Some grocery brands are responding by refining ingredients, enhancing packaging, and leaning into richer storytelling. Barista-grade coffees, artisanal-style bakery goods and elevated beauty staples are thriving because they offer attainable indulgence — a brief moment of luxury in everyday routines.

LVMH, for example, has long championed emotional value and craftsmanship. Moët & Chandon and Veuve Clicquot have brought celebratory cues into more accessible formats. In beauty, Fenty Beauty and Benefit have shown how high-quality formulation and bold brand identity can be offered at approachable price points, expanding the definition of luxury.

People are choosing brands that offer a touch of refinement without the barrier of high cost. They want products that feel special, even when bought in a weekly shop.
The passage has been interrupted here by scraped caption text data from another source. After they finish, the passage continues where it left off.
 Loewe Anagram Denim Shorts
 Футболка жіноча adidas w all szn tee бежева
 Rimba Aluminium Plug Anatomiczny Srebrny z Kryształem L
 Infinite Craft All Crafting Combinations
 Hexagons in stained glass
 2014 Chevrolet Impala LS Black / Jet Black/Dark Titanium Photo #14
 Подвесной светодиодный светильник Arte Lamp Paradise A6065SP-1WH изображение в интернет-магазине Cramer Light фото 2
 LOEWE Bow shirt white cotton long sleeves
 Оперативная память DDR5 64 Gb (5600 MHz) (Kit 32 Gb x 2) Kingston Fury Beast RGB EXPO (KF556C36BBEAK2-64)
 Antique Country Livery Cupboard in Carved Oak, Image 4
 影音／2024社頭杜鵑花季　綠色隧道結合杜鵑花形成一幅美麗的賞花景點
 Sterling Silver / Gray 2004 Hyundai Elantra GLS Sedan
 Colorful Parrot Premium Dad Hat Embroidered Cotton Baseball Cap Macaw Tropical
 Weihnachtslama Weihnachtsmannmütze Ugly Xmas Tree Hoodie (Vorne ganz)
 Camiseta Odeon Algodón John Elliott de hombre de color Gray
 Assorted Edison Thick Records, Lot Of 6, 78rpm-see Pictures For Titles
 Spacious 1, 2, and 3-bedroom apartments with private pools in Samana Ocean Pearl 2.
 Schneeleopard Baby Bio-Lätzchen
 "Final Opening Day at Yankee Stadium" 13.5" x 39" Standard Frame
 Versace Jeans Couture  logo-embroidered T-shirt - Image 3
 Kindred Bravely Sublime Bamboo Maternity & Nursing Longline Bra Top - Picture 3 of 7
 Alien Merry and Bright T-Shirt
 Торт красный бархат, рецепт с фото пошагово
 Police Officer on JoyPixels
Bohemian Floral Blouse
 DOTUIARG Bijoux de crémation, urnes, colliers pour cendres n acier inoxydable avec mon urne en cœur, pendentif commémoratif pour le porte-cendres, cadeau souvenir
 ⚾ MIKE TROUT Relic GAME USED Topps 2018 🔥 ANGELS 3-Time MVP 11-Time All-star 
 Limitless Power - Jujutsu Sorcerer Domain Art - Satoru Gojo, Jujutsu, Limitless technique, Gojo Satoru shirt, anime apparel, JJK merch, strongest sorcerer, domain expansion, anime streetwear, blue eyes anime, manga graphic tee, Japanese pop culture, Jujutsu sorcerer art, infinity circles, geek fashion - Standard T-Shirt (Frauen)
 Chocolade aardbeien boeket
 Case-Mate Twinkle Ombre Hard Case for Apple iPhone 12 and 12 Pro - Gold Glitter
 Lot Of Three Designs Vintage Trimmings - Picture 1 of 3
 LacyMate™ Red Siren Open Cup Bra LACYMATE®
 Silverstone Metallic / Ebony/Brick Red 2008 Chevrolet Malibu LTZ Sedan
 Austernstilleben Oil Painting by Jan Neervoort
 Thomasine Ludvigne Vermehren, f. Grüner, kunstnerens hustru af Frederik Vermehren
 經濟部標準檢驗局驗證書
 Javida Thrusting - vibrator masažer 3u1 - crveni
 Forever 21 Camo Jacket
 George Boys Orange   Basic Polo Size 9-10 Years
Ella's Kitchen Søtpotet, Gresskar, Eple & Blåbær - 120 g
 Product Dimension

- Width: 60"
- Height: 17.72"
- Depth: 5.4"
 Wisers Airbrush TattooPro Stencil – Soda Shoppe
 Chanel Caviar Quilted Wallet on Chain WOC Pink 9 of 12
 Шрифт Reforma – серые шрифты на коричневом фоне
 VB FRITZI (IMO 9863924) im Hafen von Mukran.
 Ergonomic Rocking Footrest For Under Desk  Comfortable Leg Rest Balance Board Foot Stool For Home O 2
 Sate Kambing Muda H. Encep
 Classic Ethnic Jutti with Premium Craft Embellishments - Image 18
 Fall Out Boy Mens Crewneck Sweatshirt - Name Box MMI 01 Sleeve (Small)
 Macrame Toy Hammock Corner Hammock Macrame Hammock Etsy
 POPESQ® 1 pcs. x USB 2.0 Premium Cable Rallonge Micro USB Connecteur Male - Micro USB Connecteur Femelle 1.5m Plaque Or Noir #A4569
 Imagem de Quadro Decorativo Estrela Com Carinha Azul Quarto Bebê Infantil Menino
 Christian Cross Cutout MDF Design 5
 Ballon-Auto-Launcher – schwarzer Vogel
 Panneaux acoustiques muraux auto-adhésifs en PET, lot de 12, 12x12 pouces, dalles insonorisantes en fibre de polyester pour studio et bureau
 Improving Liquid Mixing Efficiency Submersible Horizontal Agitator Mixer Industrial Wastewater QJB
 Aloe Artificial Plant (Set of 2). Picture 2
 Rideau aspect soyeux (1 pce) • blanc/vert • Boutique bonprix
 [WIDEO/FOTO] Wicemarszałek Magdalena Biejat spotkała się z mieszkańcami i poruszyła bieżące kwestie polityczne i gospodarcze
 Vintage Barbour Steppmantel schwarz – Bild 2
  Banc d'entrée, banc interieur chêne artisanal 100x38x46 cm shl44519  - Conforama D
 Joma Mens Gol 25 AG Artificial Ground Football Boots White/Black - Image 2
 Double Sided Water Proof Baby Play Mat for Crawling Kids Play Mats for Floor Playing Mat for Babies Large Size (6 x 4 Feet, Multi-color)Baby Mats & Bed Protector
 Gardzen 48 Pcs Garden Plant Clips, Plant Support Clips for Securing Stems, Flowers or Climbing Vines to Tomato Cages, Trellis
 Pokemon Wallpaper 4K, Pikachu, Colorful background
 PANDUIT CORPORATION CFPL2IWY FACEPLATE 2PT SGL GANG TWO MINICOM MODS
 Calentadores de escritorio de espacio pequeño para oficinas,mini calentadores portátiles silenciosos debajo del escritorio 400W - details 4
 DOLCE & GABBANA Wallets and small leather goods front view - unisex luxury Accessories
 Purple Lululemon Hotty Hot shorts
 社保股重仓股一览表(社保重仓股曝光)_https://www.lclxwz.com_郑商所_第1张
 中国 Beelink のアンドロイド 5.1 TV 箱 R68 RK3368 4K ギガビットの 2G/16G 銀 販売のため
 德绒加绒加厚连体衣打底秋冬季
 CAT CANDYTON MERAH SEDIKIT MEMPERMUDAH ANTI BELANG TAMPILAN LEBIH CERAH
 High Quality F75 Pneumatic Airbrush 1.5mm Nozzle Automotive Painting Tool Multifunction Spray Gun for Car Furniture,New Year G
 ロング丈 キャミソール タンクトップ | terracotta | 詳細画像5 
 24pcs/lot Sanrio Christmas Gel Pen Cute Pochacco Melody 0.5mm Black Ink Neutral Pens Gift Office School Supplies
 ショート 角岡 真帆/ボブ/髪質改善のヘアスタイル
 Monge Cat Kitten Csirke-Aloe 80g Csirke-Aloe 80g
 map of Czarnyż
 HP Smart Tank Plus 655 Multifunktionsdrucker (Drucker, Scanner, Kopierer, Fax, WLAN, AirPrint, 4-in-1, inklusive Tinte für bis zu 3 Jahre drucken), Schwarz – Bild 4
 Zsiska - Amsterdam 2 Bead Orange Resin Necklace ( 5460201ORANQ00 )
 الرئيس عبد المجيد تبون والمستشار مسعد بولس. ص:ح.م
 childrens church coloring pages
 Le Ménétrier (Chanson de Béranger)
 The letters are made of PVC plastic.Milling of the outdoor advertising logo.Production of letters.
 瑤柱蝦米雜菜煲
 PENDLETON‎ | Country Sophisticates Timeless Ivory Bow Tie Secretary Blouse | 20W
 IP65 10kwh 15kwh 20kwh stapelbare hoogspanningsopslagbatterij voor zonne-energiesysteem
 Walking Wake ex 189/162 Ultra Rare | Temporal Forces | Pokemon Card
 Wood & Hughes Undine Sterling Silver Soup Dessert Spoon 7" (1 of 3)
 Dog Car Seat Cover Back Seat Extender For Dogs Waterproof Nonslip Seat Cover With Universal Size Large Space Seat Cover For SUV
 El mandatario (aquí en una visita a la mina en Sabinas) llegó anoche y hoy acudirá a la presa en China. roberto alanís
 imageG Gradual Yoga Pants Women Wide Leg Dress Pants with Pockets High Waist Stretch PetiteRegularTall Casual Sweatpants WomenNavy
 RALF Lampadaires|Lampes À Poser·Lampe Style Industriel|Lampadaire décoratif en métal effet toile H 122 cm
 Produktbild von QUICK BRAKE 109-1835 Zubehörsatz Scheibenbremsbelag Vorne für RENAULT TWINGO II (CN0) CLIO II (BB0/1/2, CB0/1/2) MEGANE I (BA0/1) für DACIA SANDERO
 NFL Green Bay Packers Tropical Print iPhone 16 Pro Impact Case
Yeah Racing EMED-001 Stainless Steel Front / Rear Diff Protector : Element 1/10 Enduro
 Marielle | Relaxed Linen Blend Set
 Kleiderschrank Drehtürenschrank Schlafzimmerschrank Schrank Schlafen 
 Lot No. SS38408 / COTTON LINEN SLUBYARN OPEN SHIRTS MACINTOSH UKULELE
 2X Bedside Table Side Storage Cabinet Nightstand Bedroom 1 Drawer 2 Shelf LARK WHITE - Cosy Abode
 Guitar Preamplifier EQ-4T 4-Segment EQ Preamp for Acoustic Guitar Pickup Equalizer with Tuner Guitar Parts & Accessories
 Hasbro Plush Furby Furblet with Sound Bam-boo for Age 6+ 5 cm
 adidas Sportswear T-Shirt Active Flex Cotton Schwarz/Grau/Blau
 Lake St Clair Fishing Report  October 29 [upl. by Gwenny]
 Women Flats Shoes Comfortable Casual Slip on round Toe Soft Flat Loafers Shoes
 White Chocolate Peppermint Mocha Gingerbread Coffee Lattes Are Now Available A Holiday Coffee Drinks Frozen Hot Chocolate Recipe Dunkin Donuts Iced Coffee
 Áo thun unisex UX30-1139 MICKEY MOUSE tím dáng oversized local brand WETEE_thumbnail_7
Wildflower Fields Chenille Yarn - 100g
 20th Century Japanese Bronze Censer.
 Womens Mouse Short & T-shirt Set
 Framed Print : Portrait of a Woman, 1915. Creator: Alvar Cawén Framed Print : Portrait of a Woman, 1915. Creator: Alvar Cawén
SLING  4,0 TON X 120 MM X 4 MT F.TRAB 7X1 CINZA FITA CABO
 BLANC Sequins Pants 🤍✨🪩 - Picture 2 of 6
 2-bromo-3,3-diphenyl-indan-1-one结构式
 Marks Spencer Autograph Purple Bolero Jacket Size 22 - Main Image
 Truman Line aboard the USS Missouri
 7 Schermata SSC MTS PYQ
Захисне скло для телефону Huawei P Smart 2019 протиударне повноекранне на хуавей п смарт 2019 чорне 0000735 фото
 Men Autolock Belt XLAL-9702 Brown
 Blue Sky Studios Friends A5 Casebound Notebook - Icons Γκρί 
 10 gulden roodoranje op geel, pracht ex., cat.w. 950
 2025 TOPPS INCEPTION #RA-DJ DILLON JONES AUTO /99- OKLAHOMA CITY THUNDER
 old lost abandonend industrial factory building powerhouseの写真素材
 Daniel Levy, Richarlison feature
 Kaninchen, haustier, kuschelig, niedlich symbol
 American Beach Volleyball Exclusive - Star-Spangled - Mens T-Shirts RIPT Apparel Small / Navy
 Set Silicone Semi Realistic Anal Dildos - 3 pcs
**The concept of ‘5-minute indulgencies’ has always existed. The search for affordable moments of luxury, pleasure, reward, distraction, or simply a higher quality product experience is part of the sophisticated way most people manage their lives and their available budgets. It fits into a range of behaviours where we make choices and in so doing, define what is important to us. **

**In the world of brands and #whatbrandsdo there is a critical concept within this. Value is not directly equal to price. Regulators and media commentators will often blindly talk about ‘price’ as if it is the only metric that matters – the cheapest price is always what people want. Obviously, all of us want the best price for what we buy, but we also totally understand the notion of quality, ‘you get what you pay for’ and ‘this is the one I want!’. **

It is irrelevant, even patronising, trying to turn this into a hyper-rational set of decisions – the myth of homo-economicus that behavioural economics so elegantly punctures. Occasions and context will change our needs. We all have situations where our personal preferences mean only ‘brand x’ will do. This can apply to a relatively low-priced afternoon chocolate treat that rewards or distracts, or to ‘affordable luxuries’, a celebratory bottle of champagne or the premium skin products that make us feel positive and pampered. It does not matter what someone else’s rational analysis says, our emotional self will make the decision that is right for us – NOW. FYI, it is the same choice architecture that means we sometimes choose to buy a cheaper brand or own-label product.

Long may it continue because brand and product choices and the complexity of value are a fabulous blend of the emotional and rational. It is what makes us human and why brands have a place our lives.